### Your objective
From the listing below, restate word for word the lines from the line containing "Tech Support I'm" down through the line containing "Grafik: links eine". Exclude pictures.

### Records to process
== Segment start ==

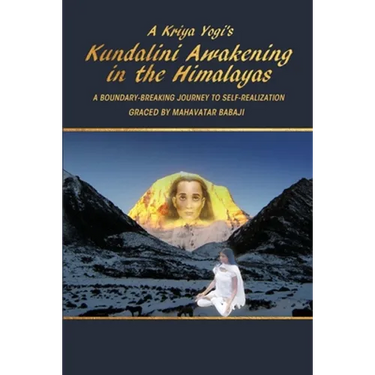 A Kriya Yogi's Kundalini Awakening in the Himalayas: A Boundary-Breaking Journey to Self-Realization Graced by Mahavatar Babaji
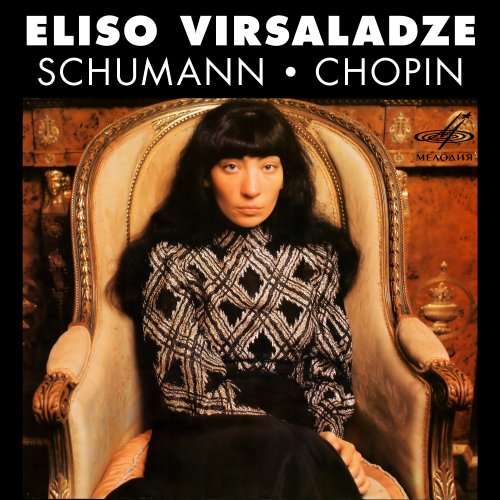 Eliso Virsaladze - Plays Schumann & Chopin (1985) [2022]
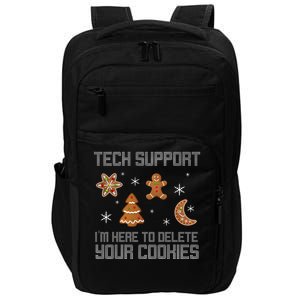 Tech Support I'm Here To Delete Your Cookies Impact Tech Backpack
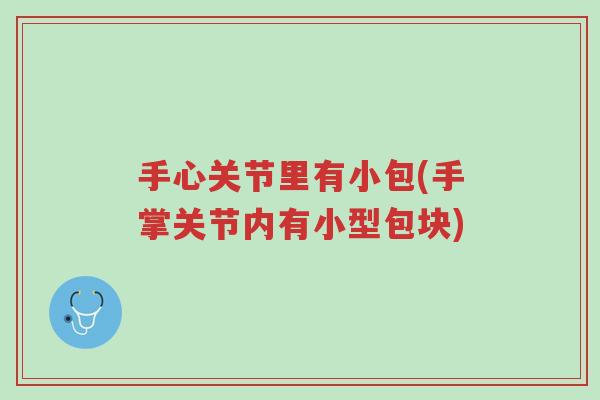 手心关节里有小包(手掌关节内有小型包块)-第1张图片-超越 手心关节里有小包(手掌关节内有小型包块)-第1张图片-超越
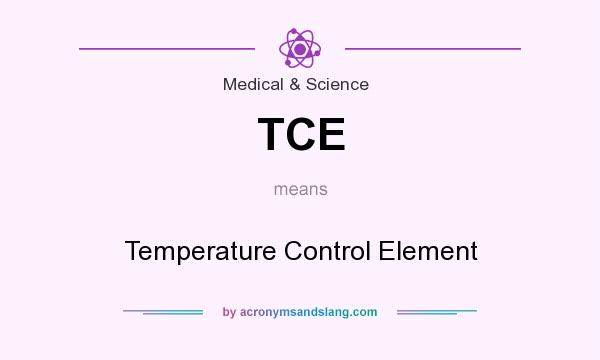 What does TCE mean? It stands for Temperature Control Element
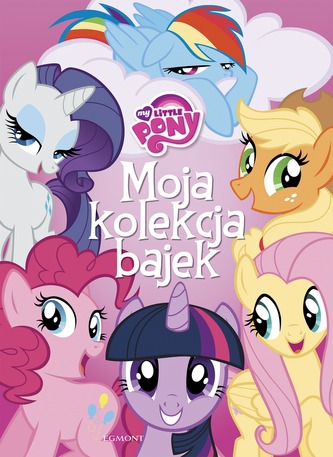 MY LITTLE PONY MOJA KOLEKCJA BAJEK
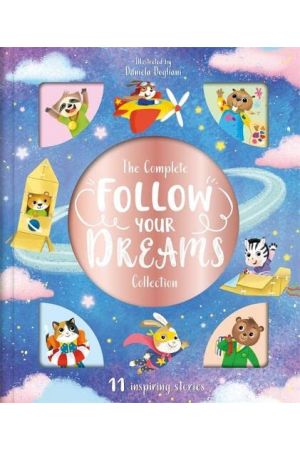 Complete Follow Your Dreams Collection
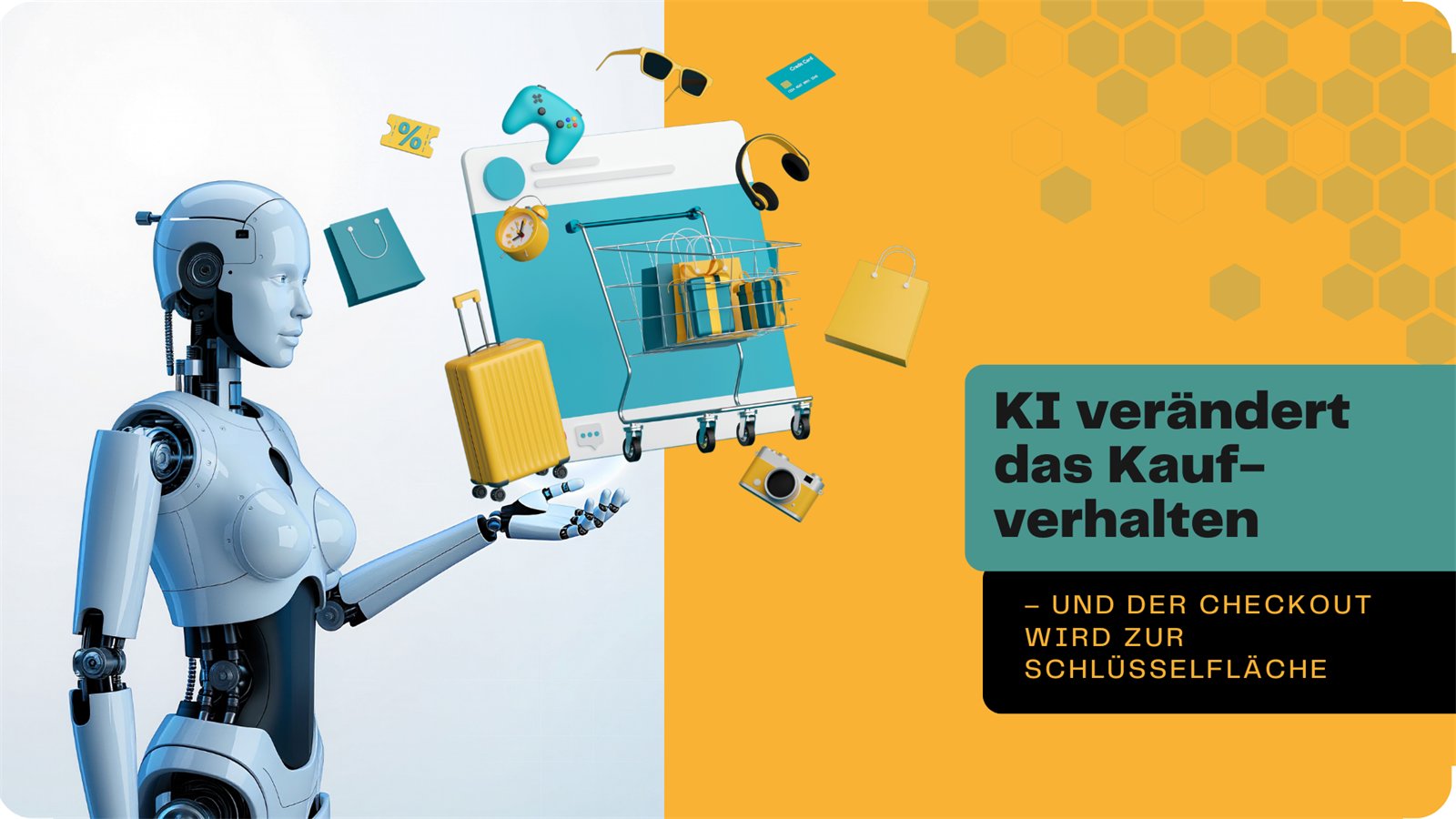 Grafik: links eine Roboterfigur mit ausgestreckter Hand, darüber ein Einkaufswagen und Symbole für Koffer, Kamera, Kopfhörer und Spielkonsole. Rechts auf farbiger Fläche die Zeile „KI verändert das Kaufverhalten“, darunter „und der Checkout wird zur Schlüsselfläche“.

== Segment end ==
== Segment start ==

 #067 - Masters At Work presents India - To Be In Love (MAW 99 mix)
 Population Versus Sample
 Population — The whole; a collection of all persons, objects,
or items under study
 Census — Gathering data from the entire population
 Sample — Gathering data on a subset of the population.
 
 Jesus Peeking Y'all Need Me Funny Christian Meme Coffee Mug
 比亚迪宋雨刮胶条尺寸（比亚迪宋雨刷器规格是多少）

== Segment end ==
== Segment start ==

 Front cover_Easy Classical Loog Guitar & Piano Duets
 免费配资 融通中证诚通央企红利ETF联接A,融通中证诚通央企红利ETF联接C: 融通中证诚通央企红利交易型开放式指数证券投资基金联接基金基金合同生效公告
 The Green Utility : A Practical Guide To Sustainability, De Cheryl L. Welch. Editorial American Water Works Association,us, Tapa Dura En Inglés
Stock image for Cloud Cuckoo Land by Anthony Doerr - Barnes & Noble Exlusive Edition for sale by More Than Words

== Segment end ==

### Answer to this problem
 Tech Support I'm Here To Delete Your Cookies Impact Tech Backpack
 手心关节里有小包(手掌关节内有小型包块)-第1张图片-超越 手心关节里有小包(手掌关节内有小型包块)-第1张图片-超越
 What does TCE mean? It stands for Temperature Control Element
 MY LITTLE PONY MOJA KOLEKCJA BAJEK
 Complete Follow Your Dreams Collection
 Grafik: links eine Roboterfigur mit ausgestreckter Hand, darüber ein Einkaufswagen und Symbole für Koffer, Kamera, Kopfhörer und Spielkonsole. Rechts auf farbiger Fläche die Zeile „KI verändert das Kaufverhalten“, darunter „und der Checkout wird zur Schlüsselfläche“.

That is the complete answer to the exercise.